On the principle of conjugate gradient method

Source: Internet
Author: User

As a common algorithm in optimization algorithm, conjugate gradient method can be seen in many gradient-optimized machine learning algorithms, such as in sparse coding (sparsenet). This paper mainly refers to the introduction of conjugate gradient in the optimized textbook compiled by Tsinghua University Press, Chen Baolin.



The origin of this article is that I have recently been thinking about a simple function:




Or a more complex two-time type function: .......... ............... 2, where x is the data center.
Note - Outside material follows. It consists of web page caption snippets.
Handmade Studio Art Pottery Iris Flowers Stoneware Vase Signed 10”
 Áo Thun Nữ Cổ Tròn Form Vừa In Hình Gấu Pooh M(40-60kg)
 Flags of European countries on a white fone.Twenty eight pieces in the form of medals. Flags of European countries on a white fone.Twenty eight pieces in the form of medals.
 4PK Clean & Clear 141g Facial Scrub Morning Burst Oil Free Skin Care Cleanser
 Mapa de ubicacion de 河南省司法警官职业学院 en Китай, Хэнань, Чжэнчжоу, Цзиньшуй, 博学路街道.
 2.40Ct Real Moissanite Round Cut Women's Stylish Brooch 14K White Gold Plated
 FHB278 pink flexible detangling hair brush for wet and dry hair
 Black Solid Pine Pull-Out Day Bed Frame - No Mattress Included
The first question is how to ensure that the output F is always greater than 0, the knowledge of the linear algebra knows that we know the guarantee that the matrix A is positive definite, and if a is semi-positive, then the output is guaranteed to be non-negative. The second problem is the geometric meaning of this two-time function. Let's start with the simplest two-time function, ..... 3




which The Formula 3 is written in the form of Equation 2,


 where. 


What is the shape of this function? First, in order to guarantee non-negative, we will take a value of -1,0,1 three values respectively. Then, we draw the function shape like →:




In the figure, since A is a 2 * 2 square matrix, we get three three-dimensional surfaces. Surface images are located above the x-y plane, illustrating non-negativity. For each layer, it represents the surface under a different value (a total of 3 layers). And on a certain layer, each contour line (ie contour line) represents a different output value, we have marked it in the figure, we found that the projection of the surface onto the xy plane is an ellipse after rotation ( as follows).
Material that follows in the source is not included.